Short descriptive text snippets
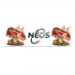 Rectangular Sticker 4x12cm 4.49 &euro;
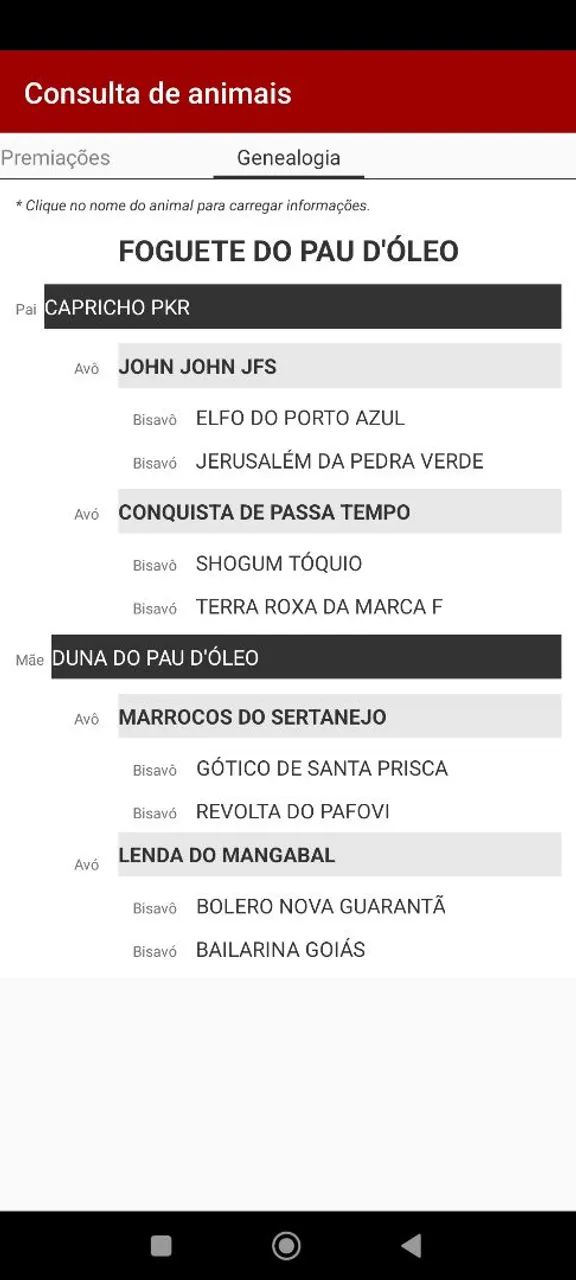 Potro Mangalarga Marchador  - Foto 4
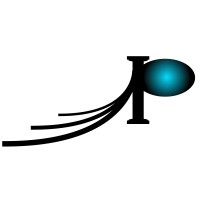 Remodeling by Palace, LLC logo - Similar company to Sandstar Remodeling & Interior Design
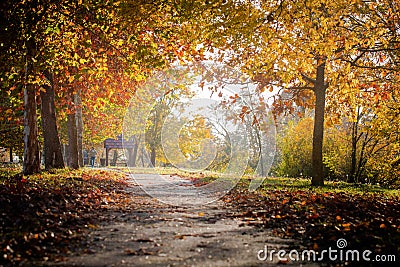 Beautiful autumn, fall romantic alley Stock Photo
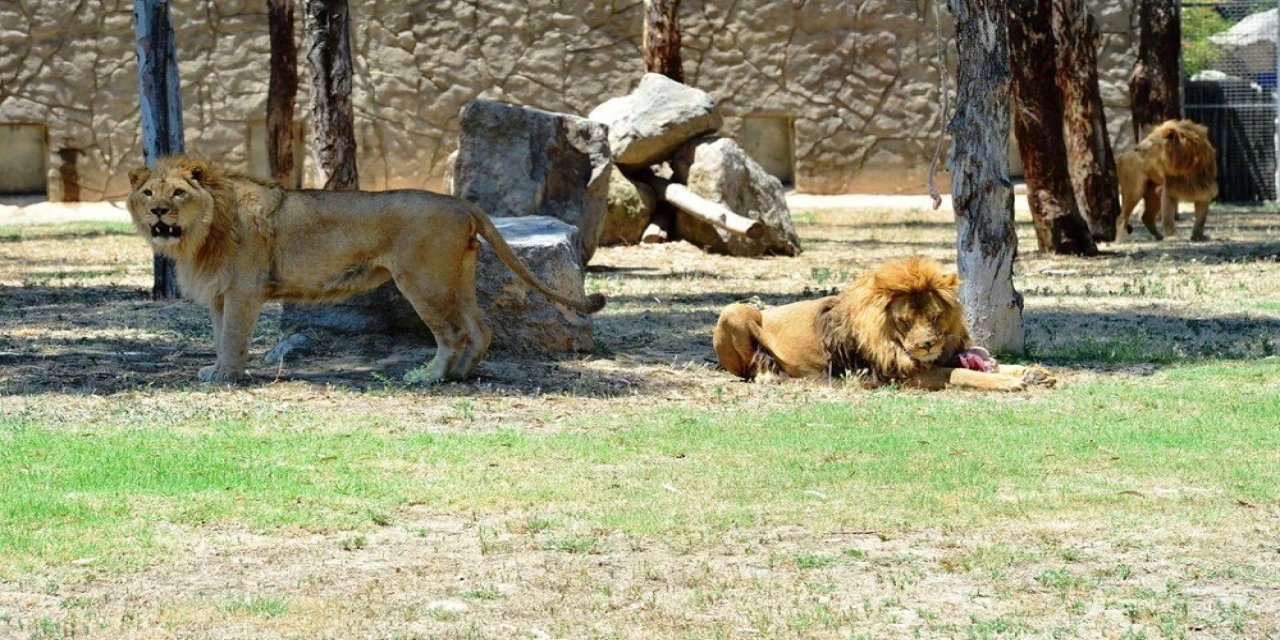 Bu kez de İzmir'de aslan vahşeti: Başka bir aslanı öldürdü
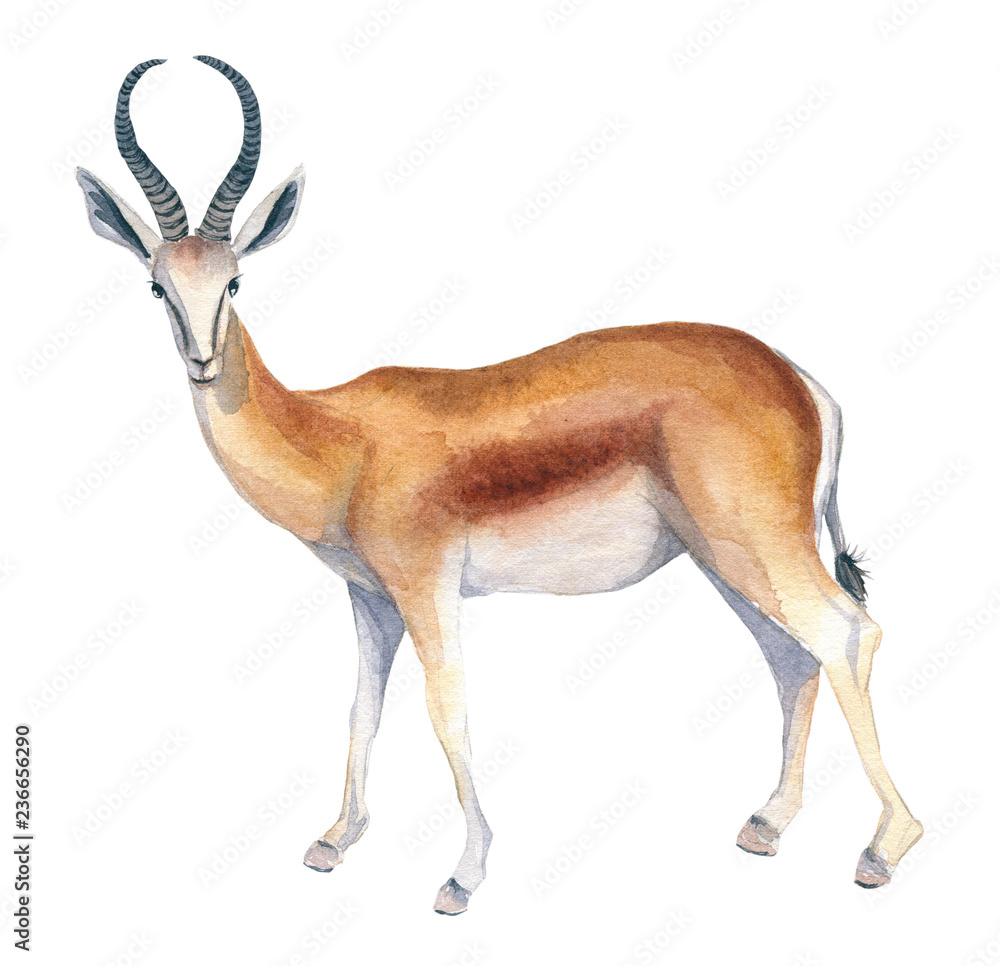 Watercolor illustration of an isolated standing antelope or gazelle on a white background. Painting of an animal - African antelope or gazelle - obrazy, fototapety, plakaty 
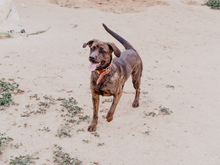 AZURA, Hund, Mischlingshund in Spanien - Bild 16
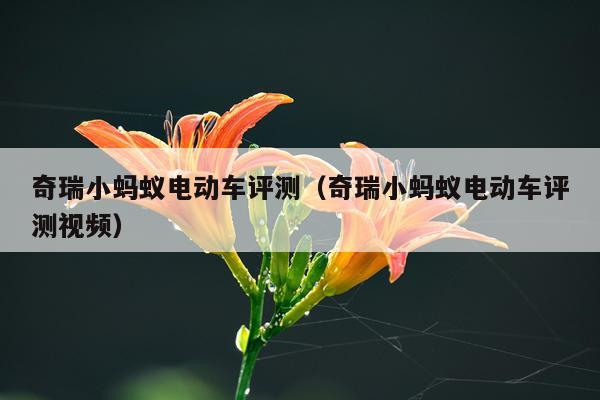 奇瑞小蚂蚁电动车评测（奇瑞小蚂蚁电动车评测视频）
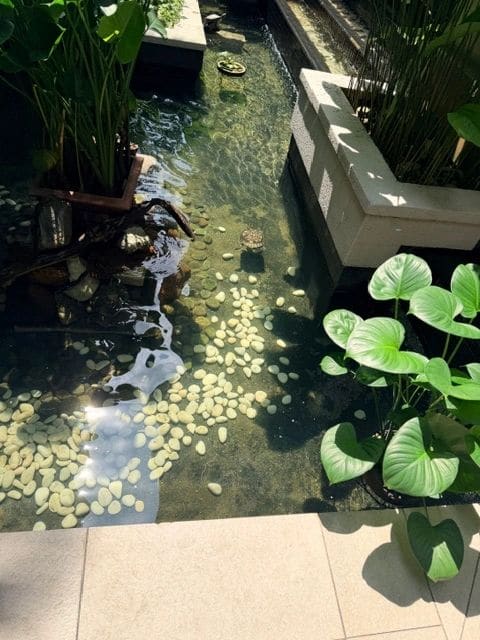Turtles in pond on way to hotel pool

### What the task requires
Each entry above must be printed exactly, apart from its pictures.

### Exercise solution
 Rectangular Sticker 4x12cm 4.49 &euro;
 Potro Mangalarga Marchador  - Foto 4
 Remodeling by Palace, LLC logo - Similar company to Sandstar Remodeling & Interior Design
 Beautiful autumn, fall romantic alley Stock Photo
 Bu kez de İzmir'de aslan vahşeti: Başka bir aslanı öldürdü
 Watercolor illustration of an isolated standing antelope or gazelle on a white background. Painting of an animal - African antelope or gazelle - obrazy, fototapety, plakaty 
 AZURA, Hund, Mischlingshund in Spanien - Bild 16
 奇瑞小蚂蚁电动车评测（奇瑞小蚂蚁电动车评测视频）
Turtles in pond on way to hotel pool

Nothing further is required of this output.